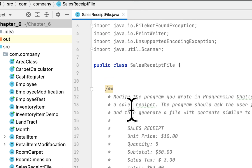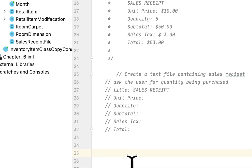Today we are solving the programming challenges in the book 'Starting Out with Java' and we are on problem nine. We have to create a sales receipt and print it to a text file. The sales receipt contains the unit price, the quantity, subtotal, sales tax, and total. We have to modify programming challenge eight that we created in the last video. So let's begin.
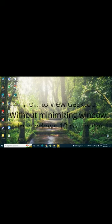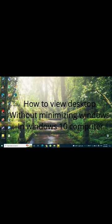Hi guys. Let's see how to view desktop without minimizing windows in Windows 10 computer.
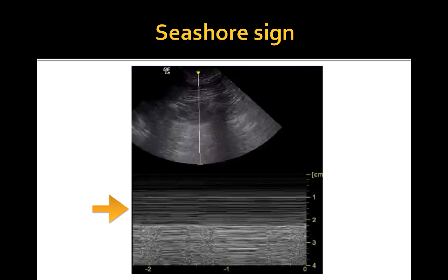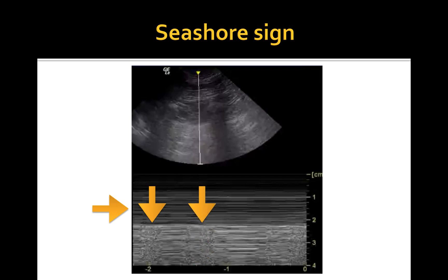presence of lung motion demonstrates an irregular, granular pattern as pointed out by these vertical arrows. The seashore sign or granular pattern are consistent with absence of pneumothorax.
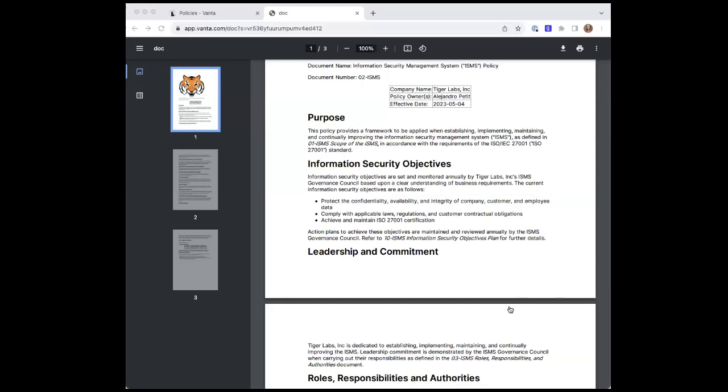So we're making explicit what is essentially the implicit objective of every org. You may have more specific objectives, and you could feel free and add those in here as needed. But otherwise, this should generally work for you. And then we also reference an objectives plan, because there's a few more prescriptive requirements that come further on down the standard.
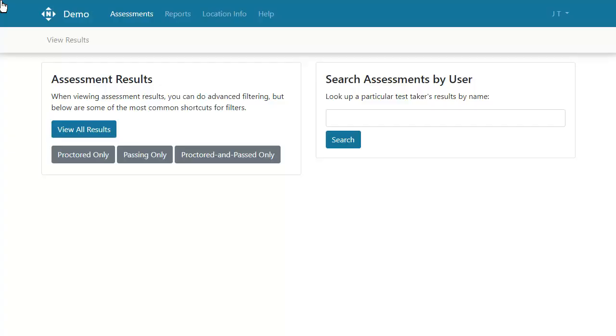To download assessment data, start in the Assessments tab. Click into any result category.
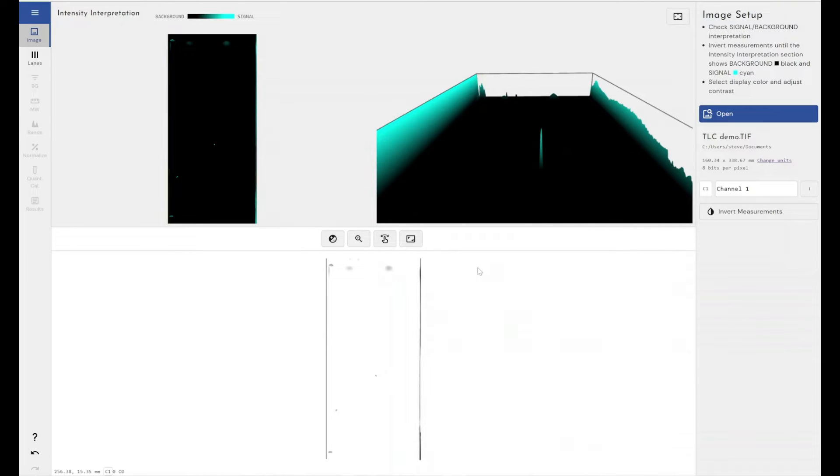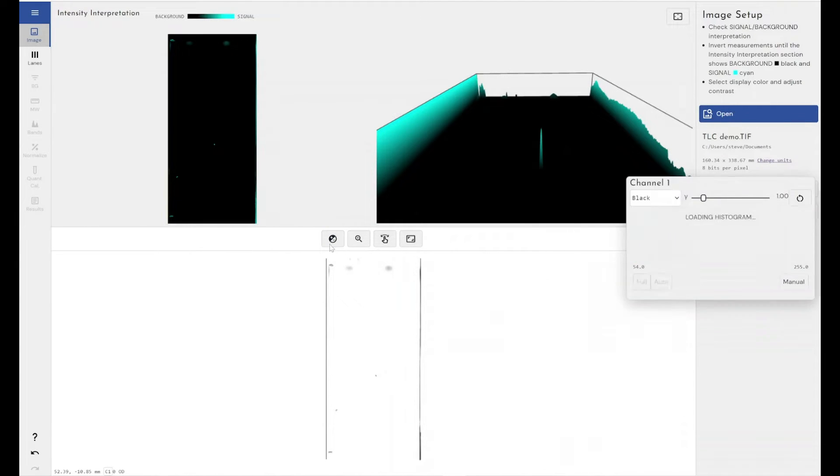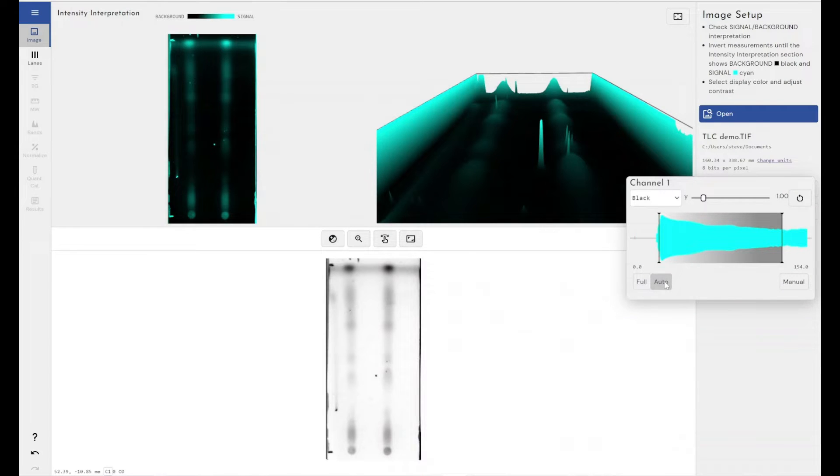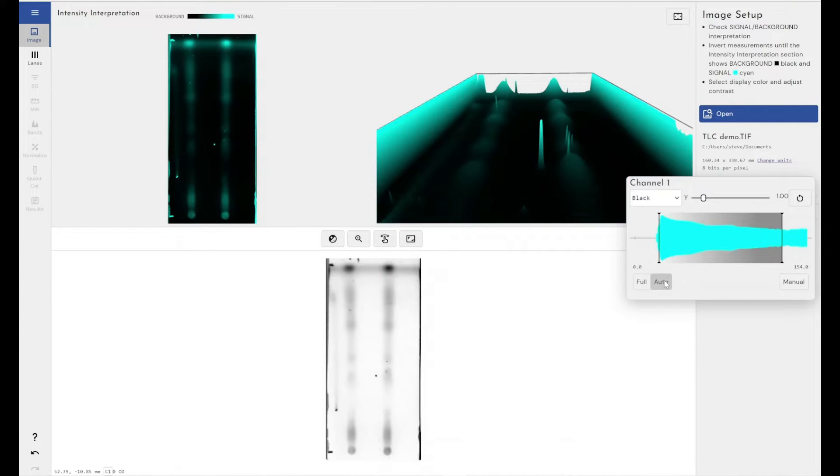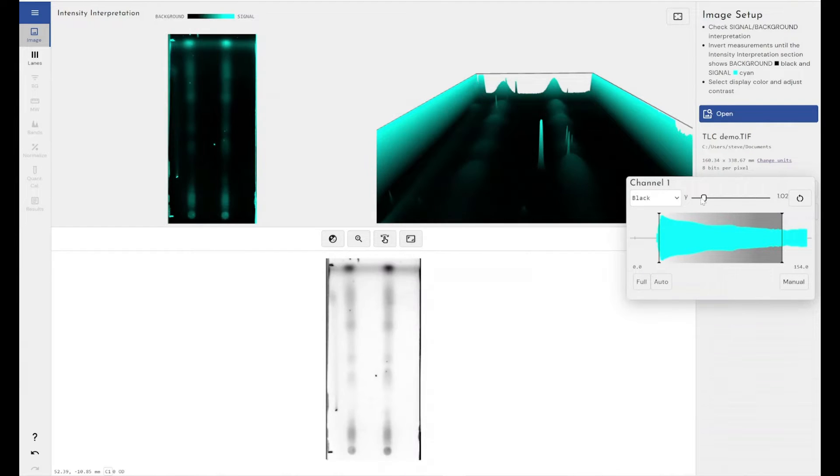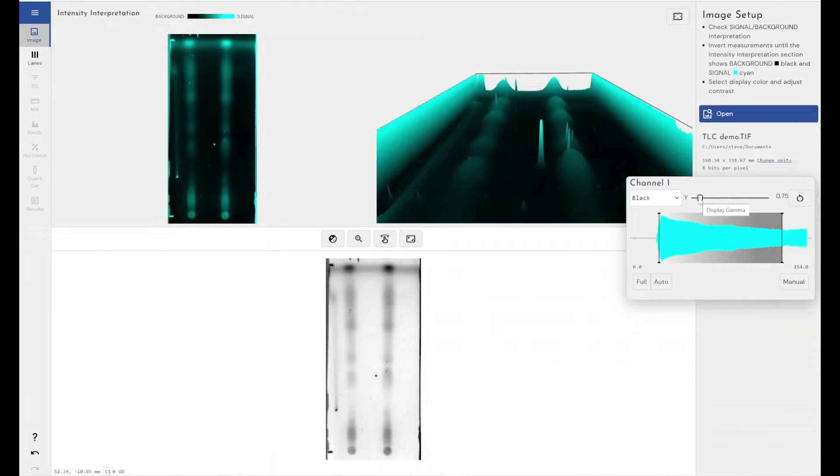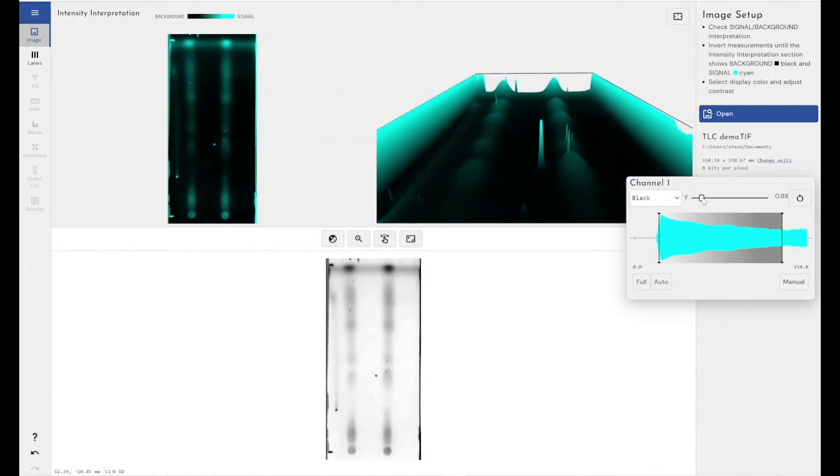So this gives me a good opportunity to show you the contrast and false color tools that are built into Phoretix to help you visualize images better. So let's click auto contrast. Let's see if the full contrast is a bit better. No, it's a bit washed out. So if I go for the auto contrast and if I just drop the gamma down a little bit you can see I'm getting much better resolution of my spots. There we go. That's a lot better.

The task —
The records above need to be restated word for word, with the pictures left out.

Problem solution —
Today we are solving the programming challenges in the book 'Starting Out with Java' and we are on problem nine. We have to create a sales receipt and print it to a text file. The sales receipt contains the unit price, the quantity, subtotal, sales tax, and total. We have to modify programming challenge eight that we created in the last video. So let's begin.
Hi guys. Let's see how to view desktop without minimizing windows in Windows 10 computer.
presence of lung motion demonstrates an irregular, granular pattern as pointed out by these vertical arrows. The seashore sign or granular pattern are consistent with absence of pneumothorax.
So we're making explicit what is essentially the implicit objective of every org. You may have more specific objectives, and you could feel free and add those in here as needed. But otherwise, this should generally work for you. And then we also reference an objectives plan, because there's a few more prescriptive requirements that come further on down the standard.
To download assessment data, start in the Assessments tab. Click into any result category.
So this gives me a good opportunity to show you the contrast and false color tools that are built into Phoretix to help you visualize images better. So let's click auto contrast. Let's see if the full contrast is a bit better. No, it's a bit washed out. So if I go for the auto contrast and if I just drop the gamma down a little bit you can see I'm getting much better resolution of my spots. There we go. That's a lot better.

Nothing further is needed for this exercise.